The big hook here is that by taking G1T28-1 with chemo, cancer patients could theoretically avoid the side effects that come from damage to the bone marrow. These include anemia, neutropenia, and thrombocytopenia—dangerous reductions in red blood cells, white blood cells, and platelets, respectively, that leave patients weak and vulnerable to infection and bleeding. Chemo-induced anemia can be treated with recombinant forms of erythropoietin, which signals to the bone marrow to make more blood cells, but it’s not used nearly as much as it used to be because of safety hazards. So-called granulocyte colony-stimulating factors like Amgen’s Neupogen and Neulasta are widely used to treat neutropenia, but Velleca contends that those types of treatments become less and less effective after the bone marrow gets exhausted by multiple rounds of chemo. Velleca contends, meanwhile, that G1’s drug has the potential to eliminate the need for such drugs.

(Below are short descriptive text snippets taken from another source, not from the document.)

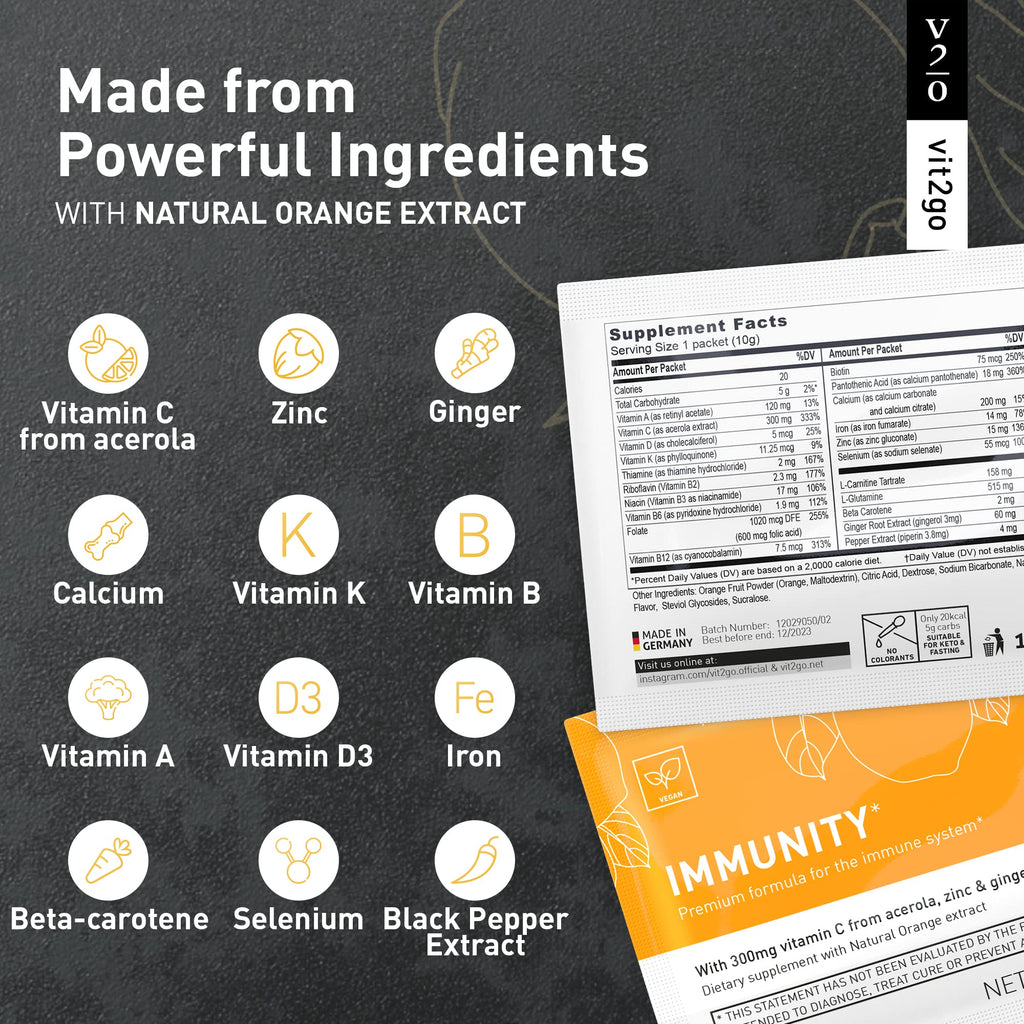 Vit2Go Immunity Immune Support Drink Powder - 10 Sachets - image 5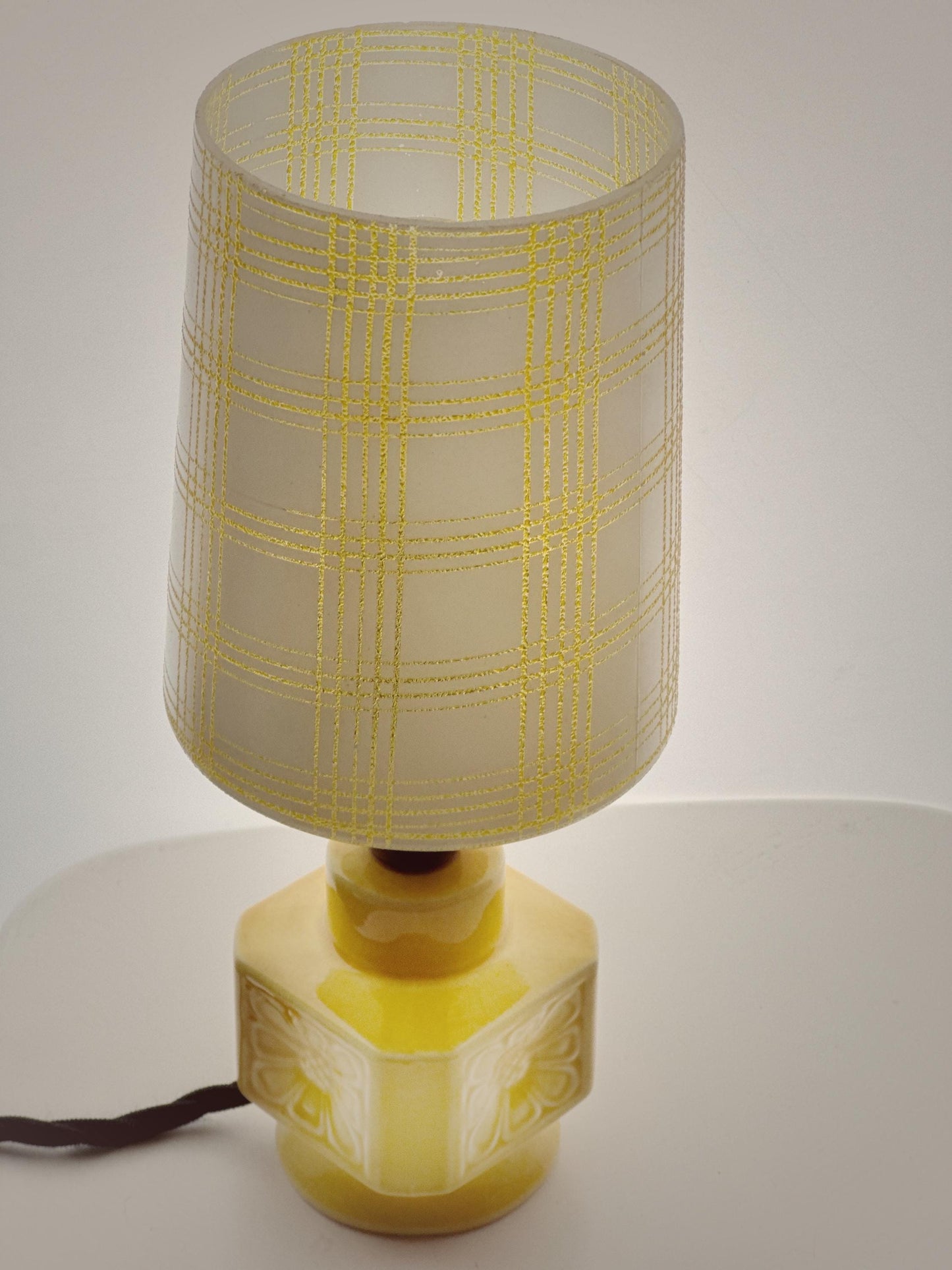 Holkham Design Scandinavian Style Yellow Ceramic Midcentury Table Lamp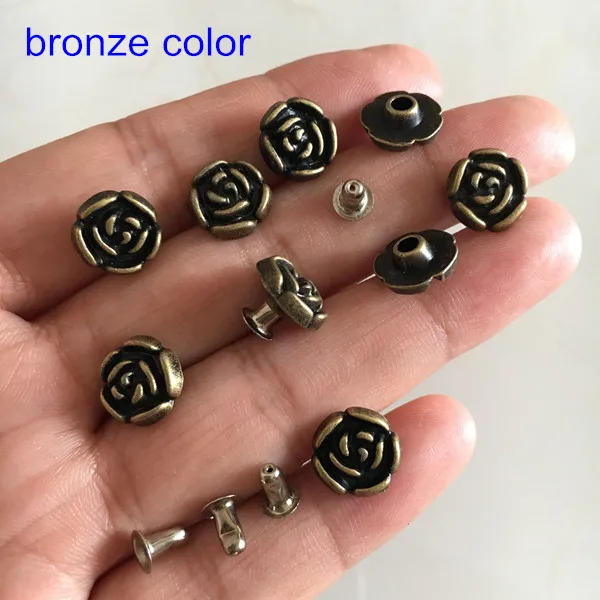 70 Set Rose Flower Spike Rivet Studs,10mm Rose Rivet For Leather Crafts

“That is clearly the market we’re going after,” he says.

Velleca says that potential market could be big, and would include patients taking chemotherapy for tumors like small cell lung cancer or triple-negative breast cancer that don’t need CDK4/6 to grow. G1’s approach wouldn’t be appropriate for cancers that depend on CDK4/6, of course, because then it would shield the tumor cells along with the healthy ones, but Velleca says that the majority of cancers do not rely on CDK4/6.

Still, this is all early, speculative talk so far. G1 is only has animal data to support its claims right now, and so really doesn’t know what type of effects, good or bad, G1T28-1 is going to cause when it’s put in humans. As Velleca concedes, there’s always a risk when a new drug candidate is administered to people for the first time.

G1 will get a glimpse of the drug’s prospects when it begins its first trial in healthy volunteers during the third quarter. Velleca expects the company to announce its first data early next year. But it’ll see what G1T28-1 is really made of afterwards—likely in the second quarter of 2015—when the company expects to begin testing the drug in real cancer patients. Meanwhile, if all goes well, G1 hopes to close a Series B round next year, according to Velleca.

“I think we’ll know very quickly when we’re in cancer patients next year whether the drug is doing what it’s supposed to do, as far as protecting the marrow,” he says.